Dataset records

== == ==

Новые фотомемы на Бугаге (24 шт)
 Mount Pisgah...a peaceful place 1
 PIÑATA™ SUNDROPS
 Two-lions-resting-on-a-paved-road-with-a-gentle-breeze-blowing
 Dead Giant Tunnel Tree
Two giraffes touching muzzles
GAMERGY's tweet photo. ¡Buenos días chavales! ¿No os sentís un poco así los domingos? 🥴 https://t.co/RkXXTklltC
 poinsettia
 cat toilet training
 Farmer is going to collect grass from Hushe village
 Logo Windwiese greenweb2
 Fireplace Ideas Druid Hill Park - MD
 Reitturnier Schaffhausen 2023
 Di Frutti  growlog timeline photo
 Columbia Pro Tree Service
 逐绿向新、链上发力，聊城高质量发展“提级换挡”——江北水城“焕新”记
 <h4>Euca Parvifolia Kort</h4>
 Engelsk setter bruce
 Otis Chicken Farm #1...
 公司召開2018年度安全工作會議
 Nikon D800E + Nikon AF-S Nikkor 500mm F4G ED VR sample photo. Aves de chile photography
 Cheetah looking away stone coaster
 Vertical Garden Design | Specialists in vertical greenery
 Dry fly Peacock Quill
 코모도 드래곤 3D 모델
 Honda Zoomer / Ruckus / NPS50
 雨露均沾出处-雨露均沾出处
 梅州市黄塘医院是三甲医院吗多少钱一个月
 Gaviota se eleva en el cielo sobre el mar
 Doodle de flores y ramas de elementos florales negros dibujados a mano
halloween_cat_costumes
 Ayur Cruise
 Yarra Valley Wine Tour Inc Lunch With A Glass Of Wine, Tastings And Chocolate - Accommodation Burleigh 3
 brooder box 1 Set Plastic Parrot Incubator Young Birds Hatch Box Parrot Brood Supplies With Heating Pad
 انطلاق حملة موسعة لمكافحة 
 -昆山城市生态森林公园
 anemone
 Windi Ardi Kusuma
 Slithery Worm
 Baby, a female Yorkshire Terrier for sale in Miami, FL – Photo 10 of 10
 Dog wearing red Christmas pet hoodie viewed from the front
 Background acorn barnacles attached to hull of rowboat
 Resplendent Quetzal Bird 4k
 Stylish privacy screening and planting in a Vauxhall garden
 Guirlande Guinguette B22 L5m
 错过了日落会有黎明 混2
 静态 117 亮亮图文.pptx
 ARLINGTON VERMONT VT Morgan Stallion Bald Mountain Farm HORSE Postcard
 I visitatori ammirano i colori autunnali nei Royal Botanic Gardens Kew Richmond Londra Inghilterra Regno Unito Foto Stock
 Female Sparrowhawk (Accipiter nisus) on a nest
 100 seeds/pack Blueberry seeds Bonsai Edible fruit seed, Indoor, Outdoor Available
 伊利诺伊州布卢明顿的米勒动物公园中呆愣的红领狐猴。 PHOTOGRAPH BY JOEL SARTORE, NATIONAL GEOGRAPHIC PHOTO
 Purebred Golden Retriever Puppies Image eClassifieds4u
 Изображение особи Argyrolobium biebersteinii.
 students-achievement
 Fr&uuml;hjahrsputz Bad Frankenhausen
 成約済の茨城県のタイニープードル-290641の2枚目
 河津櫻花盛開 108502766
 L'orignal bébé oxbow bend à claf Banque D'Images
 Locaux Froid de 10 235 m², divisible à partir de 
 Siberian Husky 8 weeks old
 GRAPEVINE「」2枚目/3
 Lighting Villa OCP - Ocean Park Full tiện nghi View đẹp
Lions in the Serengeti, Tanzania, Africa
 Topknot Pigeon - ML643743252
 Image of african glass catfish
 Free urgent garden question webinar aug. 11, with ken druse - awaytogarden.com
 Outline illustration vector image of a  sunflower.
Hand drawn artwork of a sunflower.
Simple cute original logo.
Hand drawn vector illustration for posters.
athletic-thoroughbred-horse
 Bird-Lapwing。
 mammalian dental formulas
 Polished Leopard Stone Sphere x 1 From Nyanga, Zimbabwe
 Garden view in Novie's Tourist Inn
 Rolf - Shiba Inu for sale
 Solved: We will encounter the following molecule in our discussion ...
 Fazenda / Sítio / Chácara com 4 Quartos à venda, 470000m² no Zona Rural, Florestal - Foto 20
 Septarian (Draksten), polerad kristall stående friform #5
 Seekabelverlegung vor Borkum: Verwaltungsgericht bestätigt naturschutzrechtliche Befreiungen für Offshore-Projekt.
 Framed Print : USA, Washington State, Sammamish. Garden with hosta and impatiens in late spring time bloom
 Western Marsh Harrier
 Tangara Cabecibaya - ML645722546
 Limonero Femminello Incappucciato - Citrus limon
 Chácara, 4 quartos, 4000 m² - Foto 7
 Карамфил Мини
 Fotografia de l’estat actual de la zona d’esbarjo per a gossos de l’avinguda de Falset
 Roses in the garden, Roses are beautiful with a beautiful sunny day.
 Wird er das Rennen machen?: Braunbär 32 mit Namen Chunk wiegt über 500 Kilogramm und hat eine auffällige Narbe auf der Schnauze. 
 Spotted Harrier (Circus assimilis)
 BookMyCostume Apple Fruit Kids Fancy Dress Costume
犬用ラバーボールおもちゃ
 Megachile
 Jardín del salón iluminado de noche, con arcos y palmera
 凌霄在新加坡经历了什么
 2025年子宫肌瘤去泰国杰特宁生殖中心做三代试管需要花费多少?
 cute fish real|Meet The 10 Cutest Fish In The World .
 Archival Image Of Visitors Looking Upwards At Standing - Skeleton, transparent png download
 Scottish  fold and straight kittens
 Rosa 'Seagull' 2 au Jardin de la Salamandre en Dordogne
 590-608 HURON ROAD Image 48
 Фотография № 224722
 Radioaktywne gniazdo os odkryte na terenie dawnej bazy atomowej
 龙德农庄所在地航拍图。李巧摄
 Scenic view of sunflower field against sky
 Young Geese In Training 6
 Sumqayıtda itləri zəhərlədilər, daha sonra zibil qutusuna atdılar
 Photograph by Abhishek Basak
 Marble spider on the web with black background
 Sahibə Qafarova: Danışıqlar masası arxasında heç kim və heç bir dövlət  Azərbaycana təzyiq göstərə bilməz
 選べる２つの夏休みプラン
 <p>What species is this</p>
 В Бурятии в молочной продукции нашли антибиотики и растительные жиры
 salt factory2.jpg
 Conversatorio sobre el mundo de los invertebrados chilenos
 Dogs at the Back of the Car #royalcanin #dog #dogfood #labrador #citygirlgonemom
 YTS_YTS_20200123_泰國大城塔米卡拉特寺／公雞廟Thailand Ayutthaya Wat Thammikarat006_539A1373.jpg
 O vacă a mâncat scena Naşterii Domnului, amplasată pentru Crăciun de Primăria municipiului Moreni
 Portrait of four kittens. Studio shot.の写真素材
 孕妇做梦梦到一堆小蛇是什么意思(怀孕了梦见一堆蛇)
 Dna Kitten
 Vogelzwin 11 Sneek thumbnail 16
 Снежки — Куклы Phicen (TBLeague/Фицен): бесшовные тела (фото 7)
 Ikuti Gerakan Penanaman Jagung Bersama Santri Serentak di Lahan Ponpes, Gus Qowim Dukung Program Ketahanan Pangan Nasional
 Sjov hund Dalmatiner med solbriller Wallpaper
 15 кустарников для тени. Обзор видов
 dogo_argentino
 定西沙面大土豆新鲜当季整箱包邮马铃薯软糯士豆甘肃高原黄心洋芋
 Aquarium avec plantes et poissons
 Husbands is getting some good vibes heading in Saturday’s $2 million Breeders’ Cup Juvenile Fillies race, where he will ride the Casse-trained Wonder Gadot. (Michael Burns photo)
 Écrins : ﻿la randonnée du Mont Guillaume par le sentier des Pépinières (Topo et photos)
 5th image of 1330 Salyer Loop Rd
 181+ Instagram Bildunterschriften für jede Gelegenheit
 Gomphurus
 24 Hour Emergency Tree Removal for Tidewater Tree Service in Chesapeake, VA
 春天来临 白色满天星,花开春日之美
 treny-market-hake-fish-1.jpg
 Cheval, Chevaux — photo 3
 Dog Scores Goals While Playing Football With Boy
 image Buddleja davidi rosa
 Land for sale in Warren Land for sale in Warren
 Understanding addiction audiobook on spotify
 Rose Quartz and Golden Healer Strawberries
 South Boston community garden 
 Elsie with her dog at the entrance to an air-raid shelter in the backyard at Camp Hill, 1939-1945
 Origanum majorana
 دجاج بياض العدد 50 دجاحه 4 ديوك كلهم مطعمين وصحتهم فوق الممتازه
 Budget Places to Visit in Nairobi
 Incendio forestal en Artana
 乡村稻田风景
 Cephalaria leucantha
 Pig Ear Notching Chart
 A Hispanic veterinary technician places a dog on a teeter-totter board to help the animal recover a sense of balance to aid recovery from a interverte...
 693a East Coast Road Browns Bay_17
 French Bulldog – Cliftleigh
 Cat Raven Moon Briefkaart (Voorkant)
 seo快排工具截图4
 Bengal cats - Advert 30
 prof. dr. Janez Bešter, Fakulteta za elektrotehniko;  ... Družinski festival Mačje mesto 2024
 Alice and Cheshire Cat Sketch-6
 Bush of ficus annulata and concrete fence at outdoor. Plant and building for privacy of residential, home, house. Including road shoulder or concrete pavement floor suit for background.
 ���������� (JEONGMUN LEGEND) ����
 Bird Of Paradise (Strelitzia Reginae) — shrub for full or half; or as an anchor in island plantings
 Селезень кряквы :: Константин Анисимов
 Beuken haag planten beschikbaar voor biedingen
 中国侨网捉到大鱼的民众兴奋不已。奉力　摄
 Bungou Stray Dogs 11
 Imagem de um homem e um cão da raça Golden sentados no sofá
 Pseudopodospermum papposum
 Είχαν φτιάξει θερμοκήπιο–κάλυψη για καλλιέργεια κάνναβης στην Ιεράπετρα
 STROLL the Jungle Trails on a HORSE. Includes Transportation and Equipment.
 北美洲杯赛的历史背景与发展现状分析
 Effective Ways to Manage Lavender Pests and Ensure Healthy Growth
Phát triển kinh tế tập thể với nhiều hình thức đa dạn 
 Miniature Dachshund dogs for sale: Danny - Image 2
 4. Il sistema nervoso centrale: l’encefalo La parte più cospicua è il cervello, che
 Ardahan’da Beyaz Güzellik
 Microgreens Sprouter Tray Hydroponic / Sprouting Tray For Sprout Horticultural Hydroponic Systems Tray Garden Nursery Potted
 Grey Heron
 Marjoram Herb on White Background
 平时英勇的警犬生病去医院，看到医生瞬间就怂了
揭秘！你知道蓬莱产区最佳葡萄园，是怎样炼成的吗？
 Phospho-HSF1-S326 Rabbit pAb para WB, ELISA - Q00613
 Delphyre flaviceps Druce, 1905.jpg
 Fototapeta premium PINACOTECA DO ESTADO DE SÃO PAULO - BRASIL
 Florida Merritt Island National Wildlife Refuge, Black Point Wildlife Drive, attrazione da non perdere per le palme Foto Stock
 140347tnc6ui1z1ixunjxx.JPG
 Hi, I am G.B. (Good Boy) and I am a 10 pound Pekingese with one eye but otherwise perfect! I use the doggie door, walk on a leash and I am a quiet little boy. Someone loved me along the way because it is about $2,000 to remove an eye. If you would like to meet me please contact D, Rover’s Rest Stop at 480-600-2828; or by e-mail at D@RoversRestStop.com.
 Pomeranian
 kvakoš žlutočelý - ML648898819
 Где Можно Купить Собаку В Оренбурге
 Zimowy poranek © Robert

== == ==

● **Directions**:
From the records above, give again exactly the lines running from the line with "Pseudopodospermum papposum" to the line with "北美洲杯赛的历史背景与发展现状分析", inclusive.

● **Result for this exercise**:
 Pseudopodospermum papposum
 Είχαν φτιάξει θερμοκήπιο–κάλυψη για καλλιέργεια κάνναβης στην Ιεράπετρα
 STROLL the Jungle Trails on a HORSE. Includes Transportation and Equipment.
 北美洲杯赛的历史背景与发展现状分析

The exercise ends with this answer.